Material provided —
##########

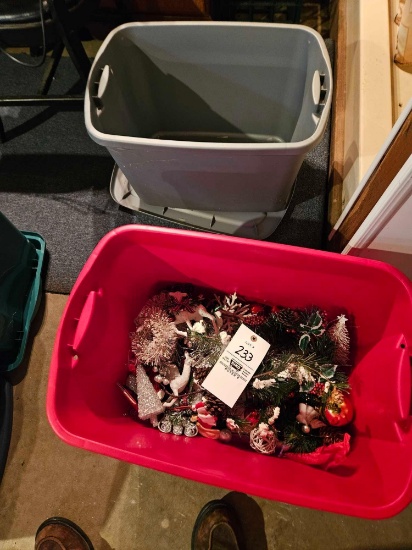 2 totes, holiday decor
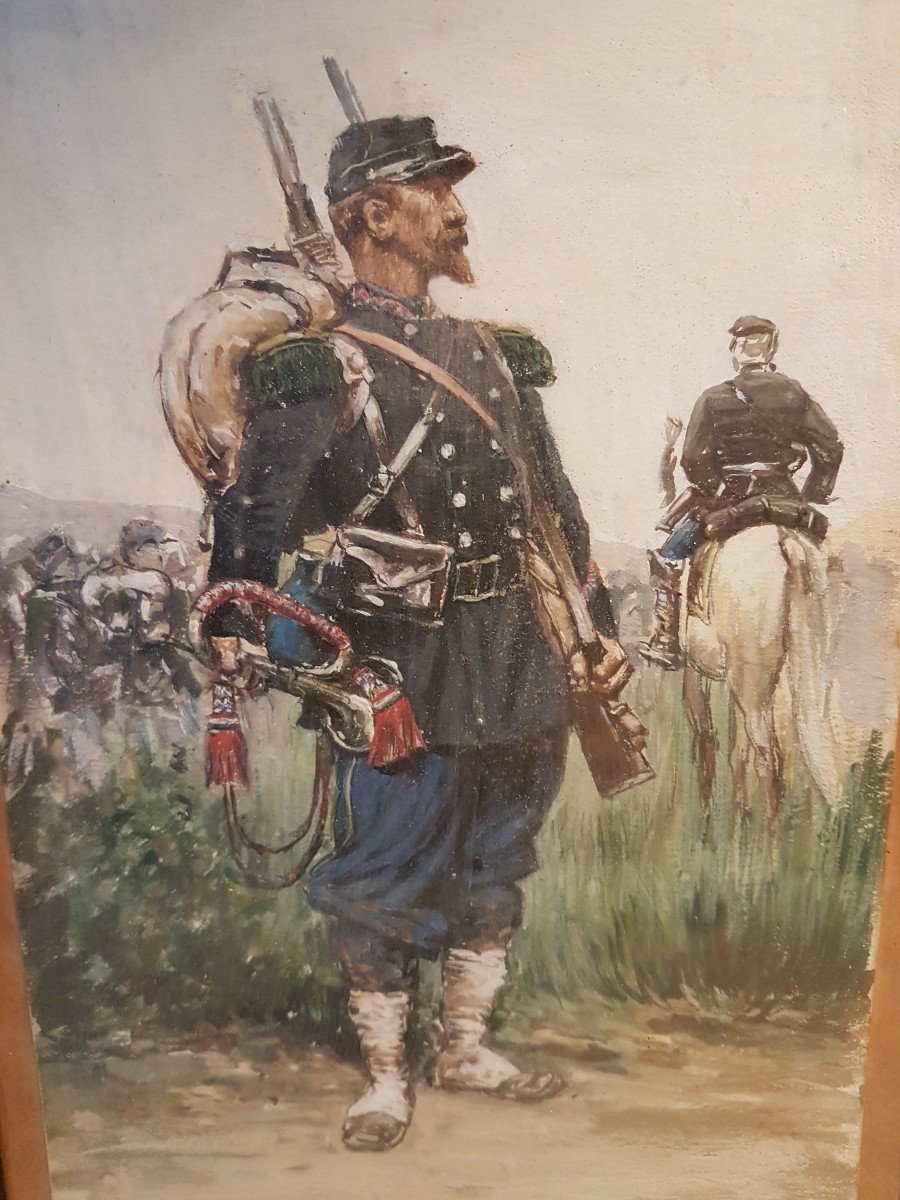 Military Watercolor, Napoleon III. -photo-4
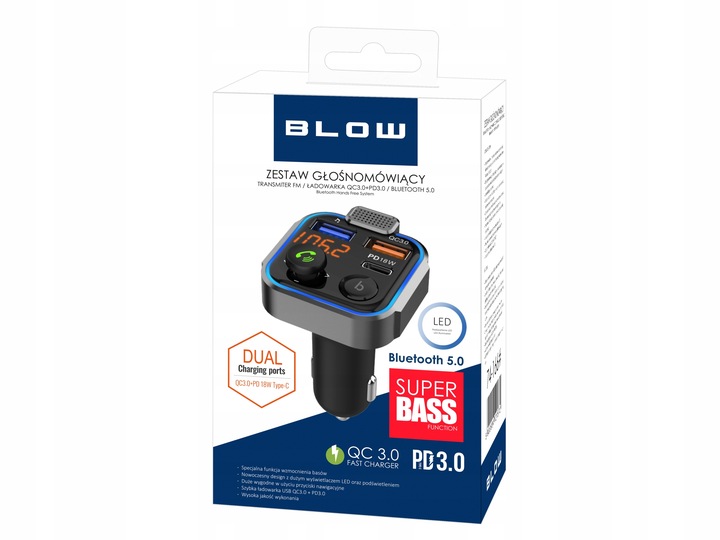 TRANSMITER BLUETOOTH 5.0 FM ŁADOWARKA USB PD 20W QC 3.0 BASS MOCNY MIKROFON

##########

All of the material above must be given again verbatim, except for the pictures.

Answer area —
 2 totes, holiday decor
 Military Watercolor, Napoleon III. -photo-4
 TRANSMITER BLUETOOTH 5.0 FM ŁADOWARKA USB PD 20W QC 3.0 BASS MOCNY MIKROFON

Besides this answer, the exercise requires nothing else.